WHAT YOU SHOULD DO -> Stop after the line that contains "16 in. Red Aluminum". Until then, retype each line of the entries exactly from the first one, skipping pictures.

THE DATA ->
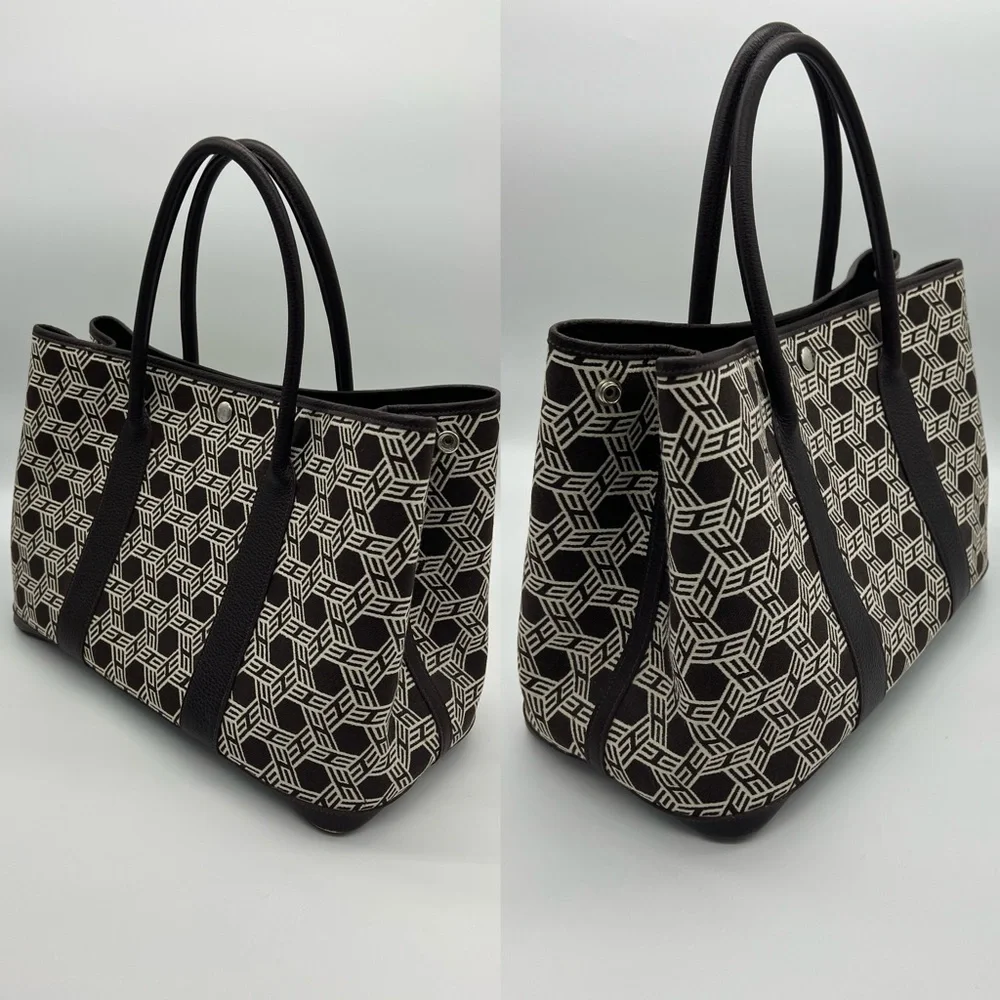 Authentic Hermès canvas/ brown leather Garden party 36 - Picture 5 of 17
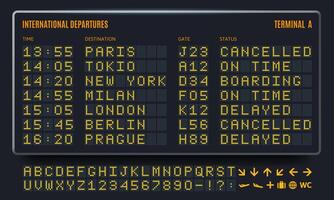 Led airport board. Departure table, information screen and airline terminal digital font set vector
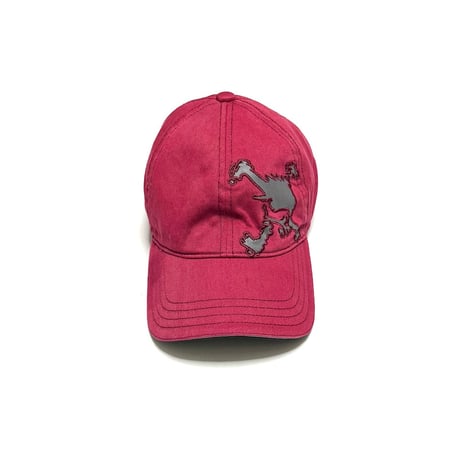 【USED】00's OAKLEY Skull Icon Distressed Red Cap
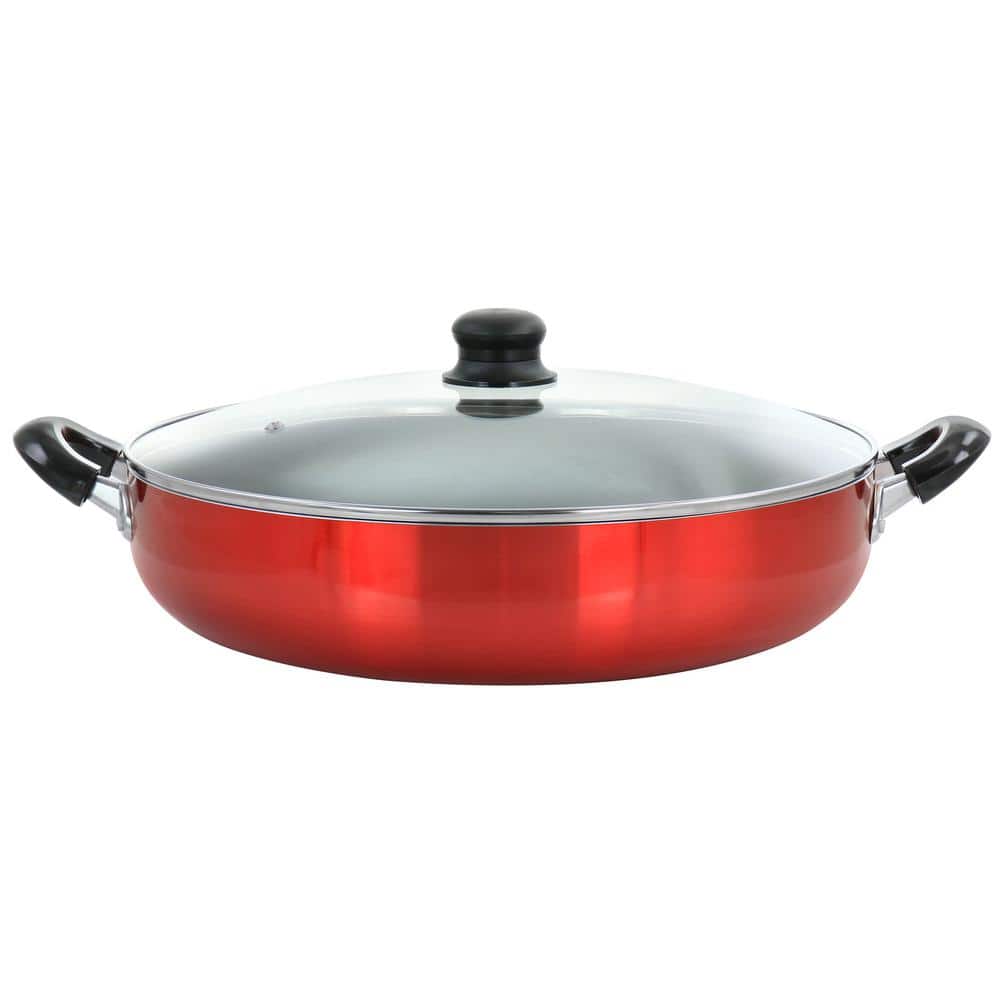 16 in. Red Aluminum Deep Fryer Frying Pan with Glass Lid - Hercitys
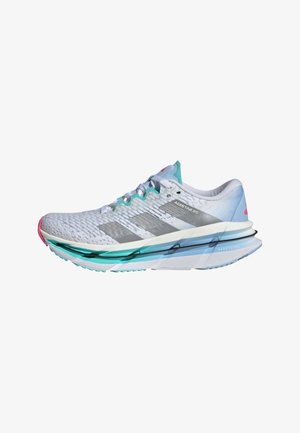 Running shoe featuring a white textured upper, turquoise accents, reflective silver stripes, and a cushioned sole with a pink tip.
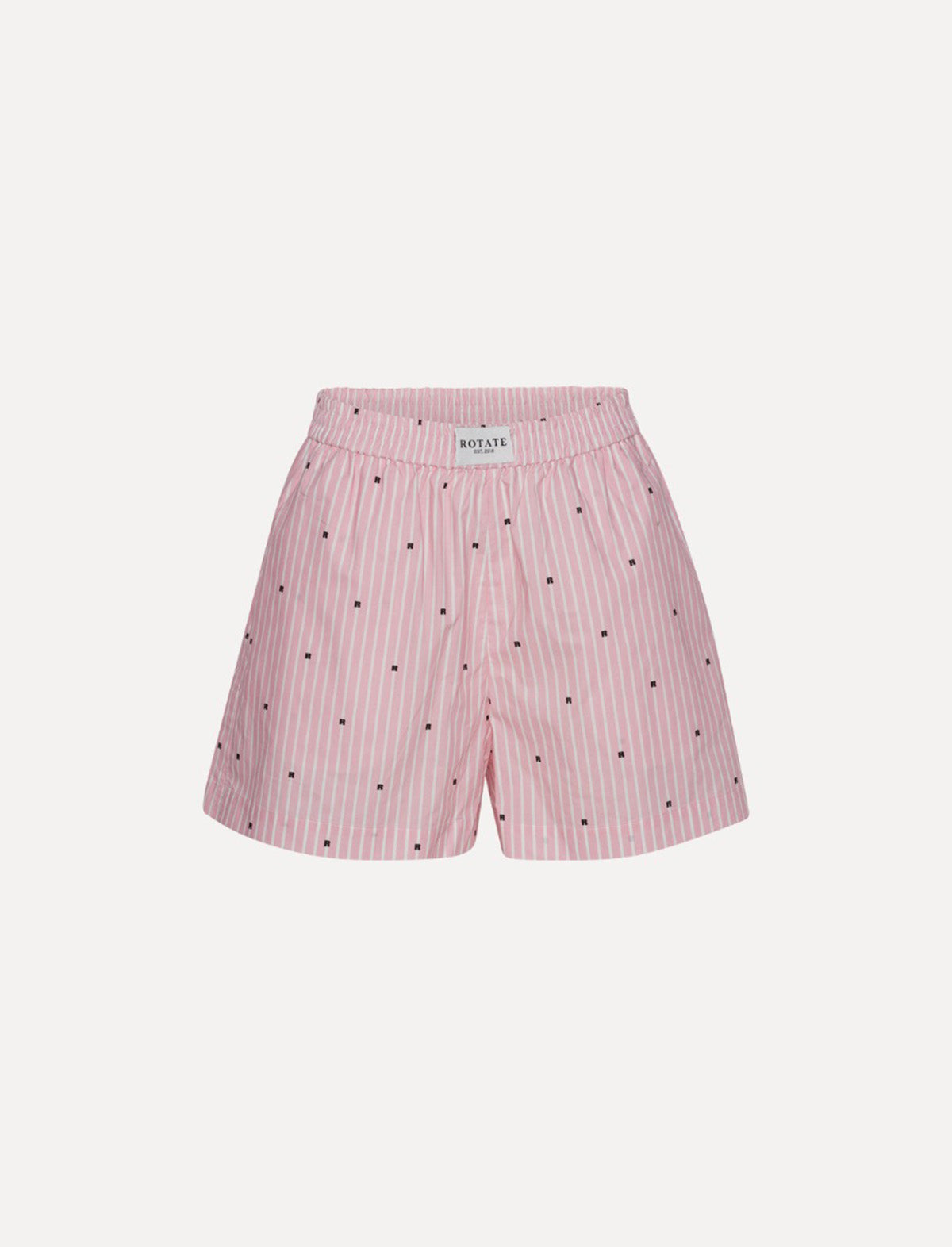 ROTATE SUNDAY 8 Elasticated Shorts In Pink Logo Stripe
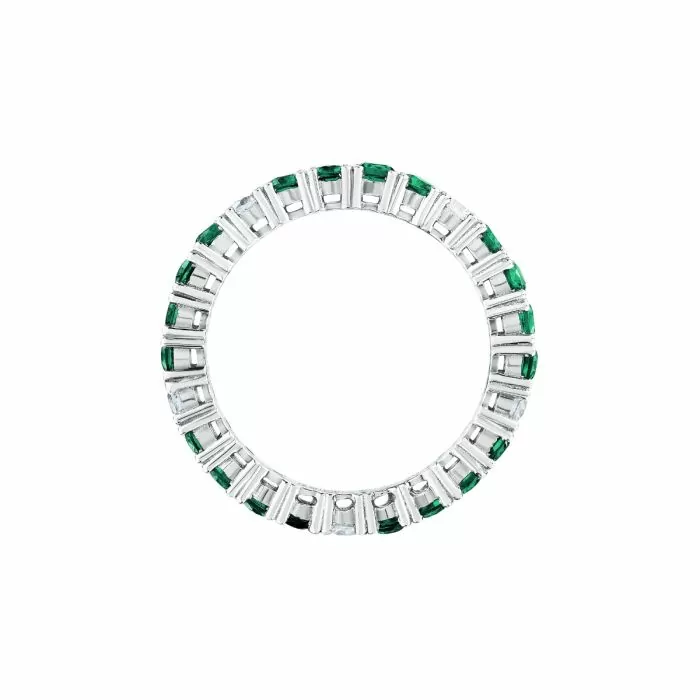 Morellato TESORI ladies ring steel silver with green crystal size 18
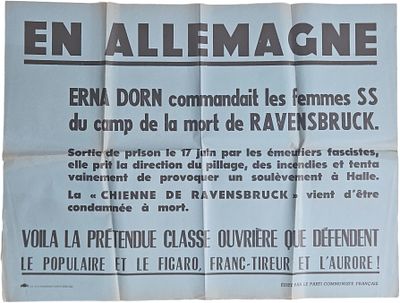 “The Bitch of Ravensbr&uuml;ck” Has Just Been Sentenced to Death – Large Poster. Paris, 1953. Large 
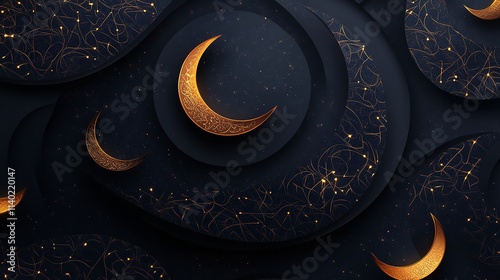 Eid Mubarak Islamic Greeting Card Background Vector Illustration

 photo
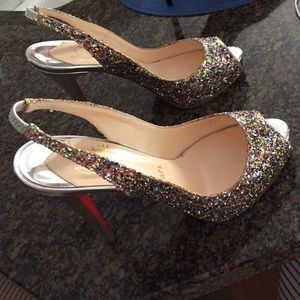 Christian Louboutin glitter multi colored heels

ANSWER BOX ->
 Authentic Hermès canvas/ brown leather Garden party 36 - Picture 5 of 17
 Led airport board. Departure table, information screen and airline terminal digital font set vector
 【USED】00's OAKLEY Skull Icon Distressed Red Cap
 16 in. Red Aluminum Deep Fryer Frying Pan with Glass Lid - Hercitys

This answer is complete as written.